Der Mensch Jesus wird bei der Kreuzigung  verspottet. Das geht schnell: Sich über andere Menschen lustig machen, die sich angeblich nicht wehren können. Bei vermutlich „starken“ Menschen traut sich das kaum jemand. Die Schwächen sind es, die zum Spott reizen, weswegen Menschen verhöhnt und getreten werden. Mit den Schwachen kann man es machen. Minderheiten müssen halt einstecken,

Menschen, die keine Stimme haben, die anders sind, psychisch krank.. Der verspottete Jesus am Kreuz: Ein Bild für alle schwachen, misshandelten, wehrlos gemachten Menschen.

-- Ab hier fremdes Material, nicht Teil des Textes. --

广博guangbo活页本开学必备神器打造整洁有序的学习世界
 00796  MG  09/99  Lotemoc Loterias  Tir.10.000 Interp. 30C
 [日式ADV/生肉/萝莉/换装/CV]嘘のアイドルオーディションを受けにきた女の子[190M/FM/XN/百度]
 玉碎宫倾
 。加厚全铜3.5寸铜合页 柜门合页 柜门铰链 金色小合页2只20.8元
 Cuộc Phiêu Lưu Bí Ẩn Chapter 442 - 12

Führt diese Szene nicht die wirklich Feigen, die wirklich Schwachen vor Augen? Die, die Opfer brauchen, um selbst gut dazustehen; die, die demütigen, um selbst mutig dazustehen; die, die klein machen, um selbst groß dazustehen?

Chor der lauten und Verspotteten?

Und nimmt nicht letztlich alles Übel der Welt hier seinen Lauf? Im Vergleichen, im sich besser und stärker und richtiger wägen? Dieses Evangelium hat dennoch einen Hoffnungsschimmer. Es erzählt, dass zumindest einer das Ganze durchschaut, der Verbrecher, den die traditionelle christliche Darstellung auf der rechten Seite des Kreuzes hängen sieht, weswegen der Gekreuzigte auch seinen Blick zur rechten Seite neigt. Was soll das anderes heißen als: Es ist nicht alles verloren? Einsichten können Leben verändern? Dieser eine Verbrecher hat sich frei gemacht vom Chor der Lauten und Verspottenden.

Motive entlarvend

Dieser eine Verbrecher wagt der Masse entgegen zu treten. Er sagt uns: Da stimmt doch was nicht, wenn alle auf einen einzigen einprügeln; da stimmt doch was nicht, wenn alle Gefallen daran finden, einen einzelnen, eine einzelne mundtot zu machen; da stimmt doch was nicht, wenn Mehrheiten sich bilden und verbinden, um Minderheiten auszugrenzen. Aber alles stimmt bei dem, der sich nicht beugt; der die Dornenkrone mit Würde trägt, wie es romanische Kreuzesdarstellungen zeigen: Christus als lebendiger, siegreicher König, mit offenen Augen, aufrecht, königliche Würde ausstrahlend: Sieg über den Tod und alle, die töten, ihre Motive entlarvend.

Anwesenheit im Zerbrochenem

Dieser König überzeugt nicht durch weltliche Macht und Stärke. Er braucht keine Insignien und Huldigungsrufe. Dieser König überzeugt durch seine Schwäche. Die Wunden sind es, die nach Ostern von seinem Leben erzählen, das „Brechen“ des Brotes wird zu seinem Erkennungszeichen, nicht das Schöne, das Runde, das Perfekte. Sollte am Ende Gott selbst genauso sein? Stark in der Schwachheit, beredt im Schweigen? Anwesend im Zerbrochenen? Dieses Fest, das Kreuz sagt eindeutig: Ja.